To achieve this goal, we employed an experimental survey approach. This somewhat unusual validation strategy was chosen to compensate for the fact that traditional gold standard coding seemed inapplicable for the aggregated content analytical method that was to be validated in this study. Word embedding-based ISA metrics analyze implicit associations within a whole corpus in order to draw conclusions about the content of a corpus. We deemed it non-practicable for a limited number of trained human coders to make a reliable and, thus, reproducible generalizing judgment of ISAs within a whole corpus, particularly so since such associations are only implicitly present in the corpus.
We therefore developed and employed a validation method that made use of judgments from a large number of untrained human coders assuming that, following the law of large numbers, individual participants’ erroneous judgments that might possibly occur would not preponderate in this setting because the resulting patterns would regress to the (non-erroneous) mean. We conducted the data collection as a survey using typical items designed to assess given media stimuli, instead of a traditional coding task that follows a precise coding instruction. We deemed that a somewhat unreflected, more intuitive assessment of stimulus sentence packages (likely to follow a heuristic processing routine within participants; Chaiken et al., 1989) was actually better able to detect ISAs than the traditional coding routine for which a reflected, thorough decision-making, and, thus, systematic processing is the explicit goal.
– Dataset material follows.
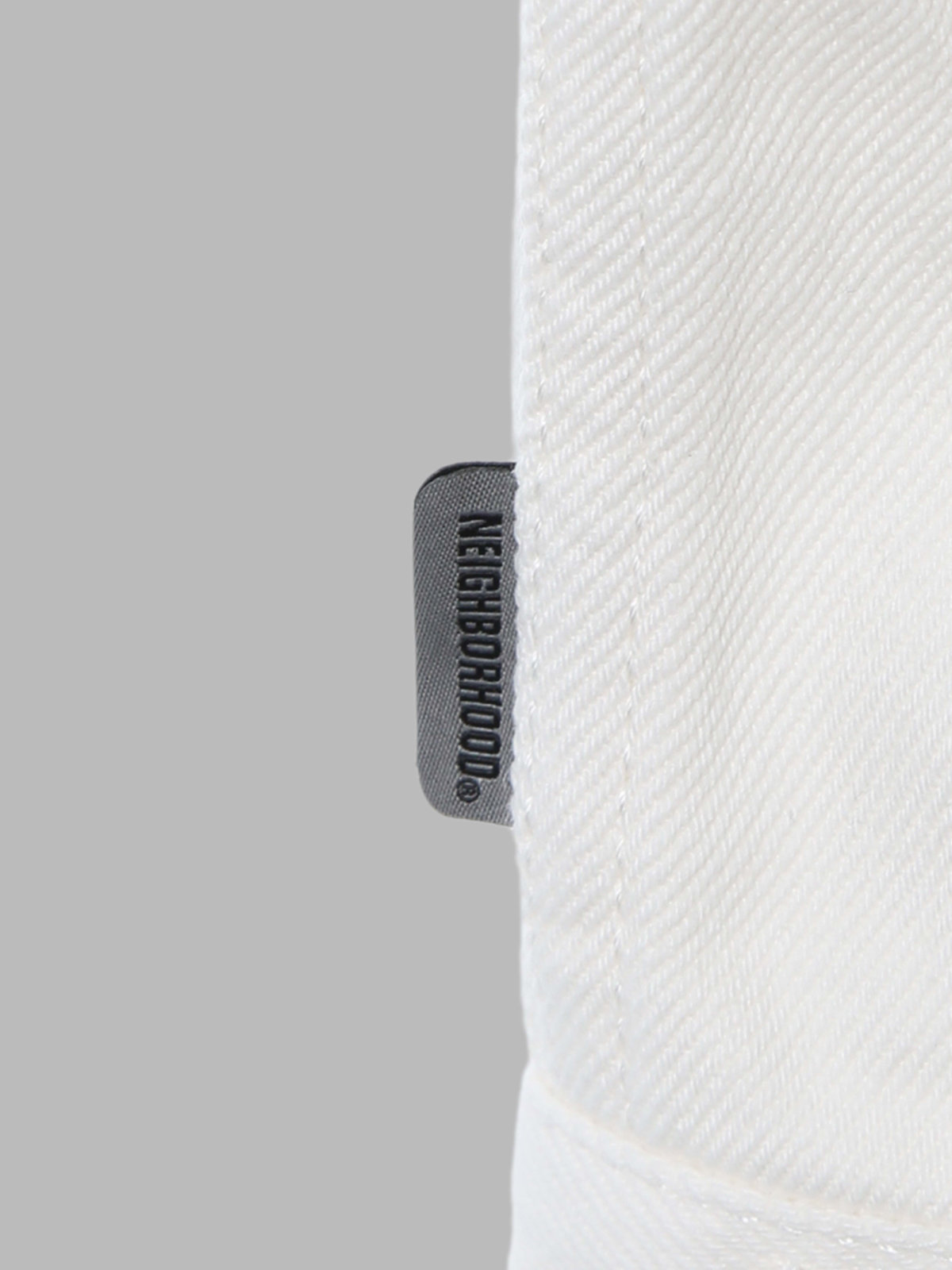 HOMME メンズ agnes b. x NH TYPE-2 ジャケット ホワイト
For demonstration purposes, we decided to use the openly available analysis corpus from a recent application of word embedding-based ISA measures for media content analysis (Müller et al., 2023) which investigated implicit stigmatization of ethnic and religious groups in journalistic discourse, focusing on the implicit association of group labels with the emotions fear or admiration. A number of methodological decisions in this validation attempt had to be tailored to this specific study in enabling semantic validation at all. For instance, the original study (Müller et al., 2023) covered a large variety of ethnic groups. For the purposes of our experimental semantic validation attempt, the selection of one group out of this larger variety was a crucial step to keep group-level background factors constant in the experiment. For this group, the original article corpus needed to provide a sufficient number of sentences associating it with both of the two emotions, fear and admiration. For other semantic validation attempts of word embedding-based ISA measures, other factors might be more important when choosing the right selection strategy for used sentence packages—and this will be true for multiple other methodological decisions made during the planning of the present study, depending on the design of the application that is supposed to be validated.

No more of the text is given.